### Supplied data
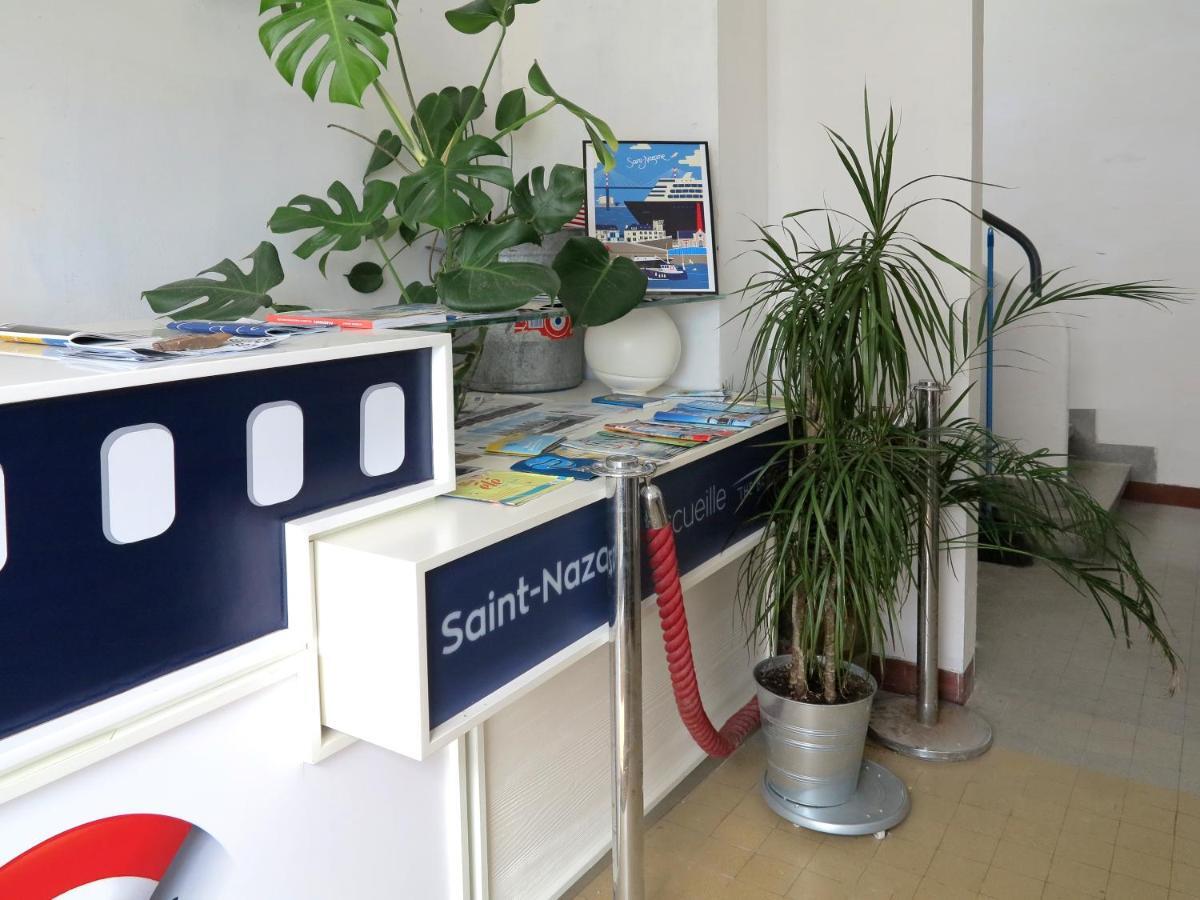 Hotel Les Abeilles Saint-Nazaire  Exterior foto
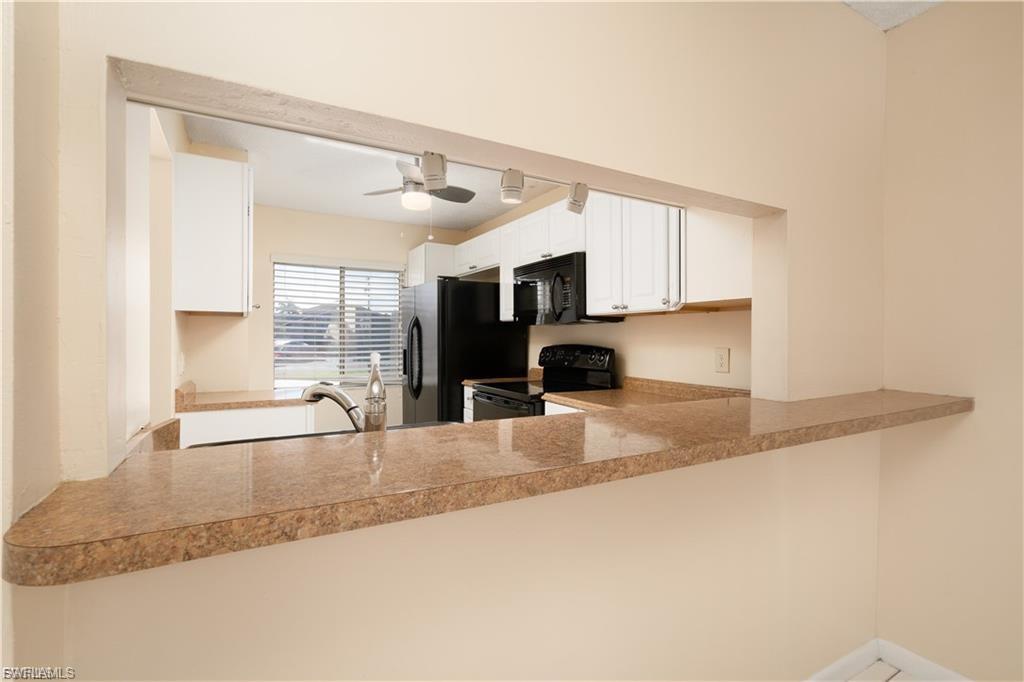 PLAZA COUNTRY BLVD CONDO - Residential Lease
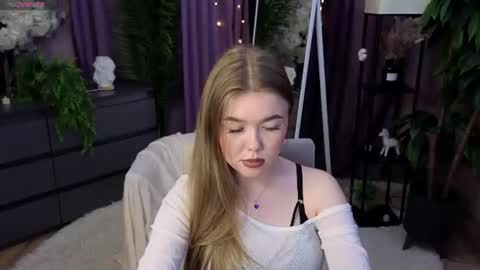 _liilcrystal_ online show from 06-18-26, 08:46
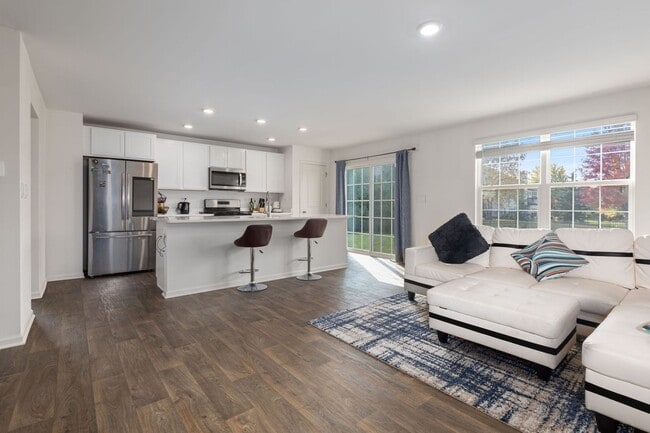 Building Photo - 2115 Canyon Creek Ct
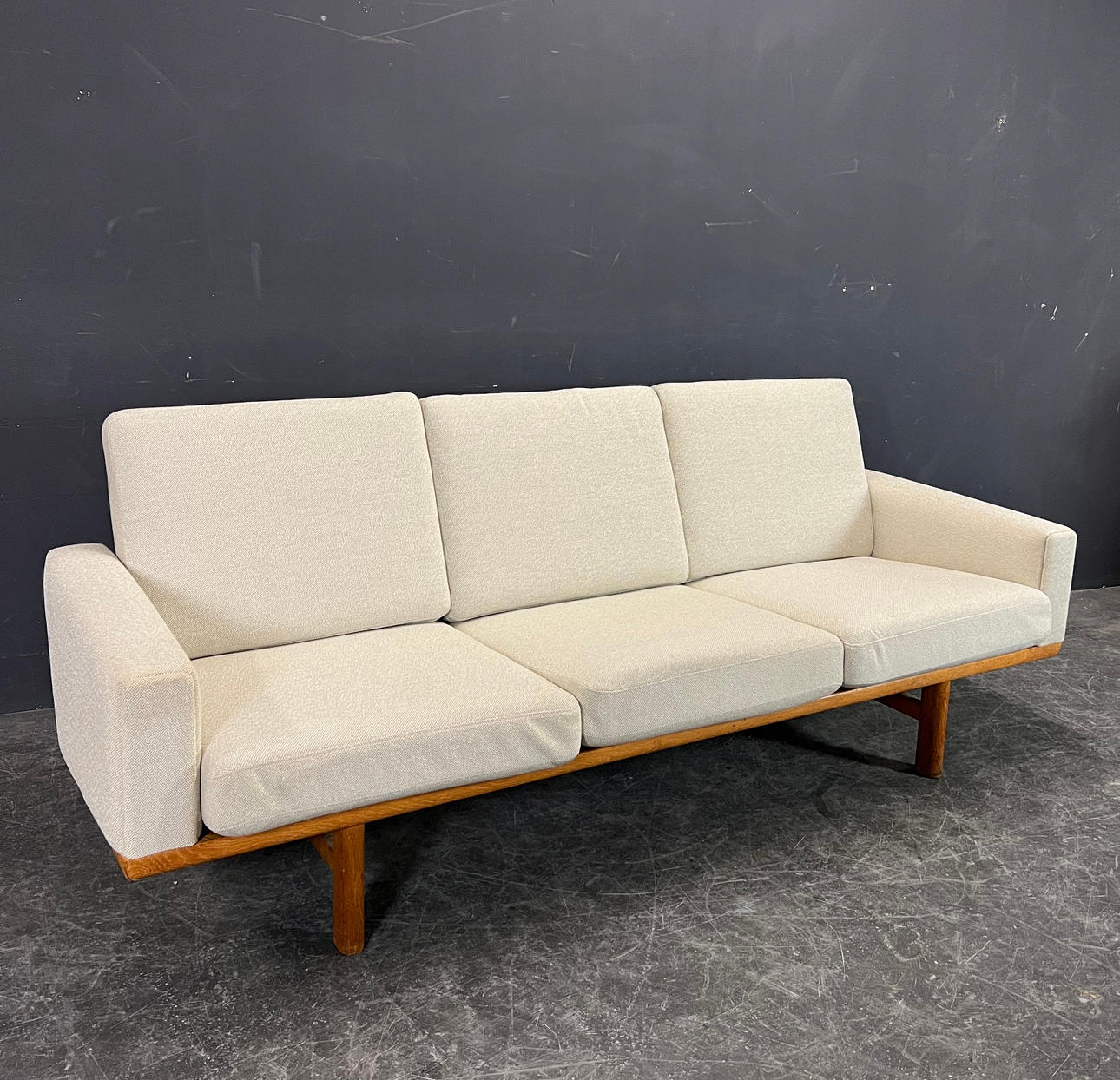 HANS J WEGNER. SOFA.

### Instructions for the task
With images excluded, write the records above out again exactly.

### Your response
 Hotel Les Abeilles Saint-Nazaire  Exterior foto
 PLAZA COUNTRY BLVD CONDO - Residential Lease
 _liilcrystal_ online show from 06-18-26, 08:46
 Building Photo - 2115 Canyon Creek Ct
 HANS J WEGNER. SOFA.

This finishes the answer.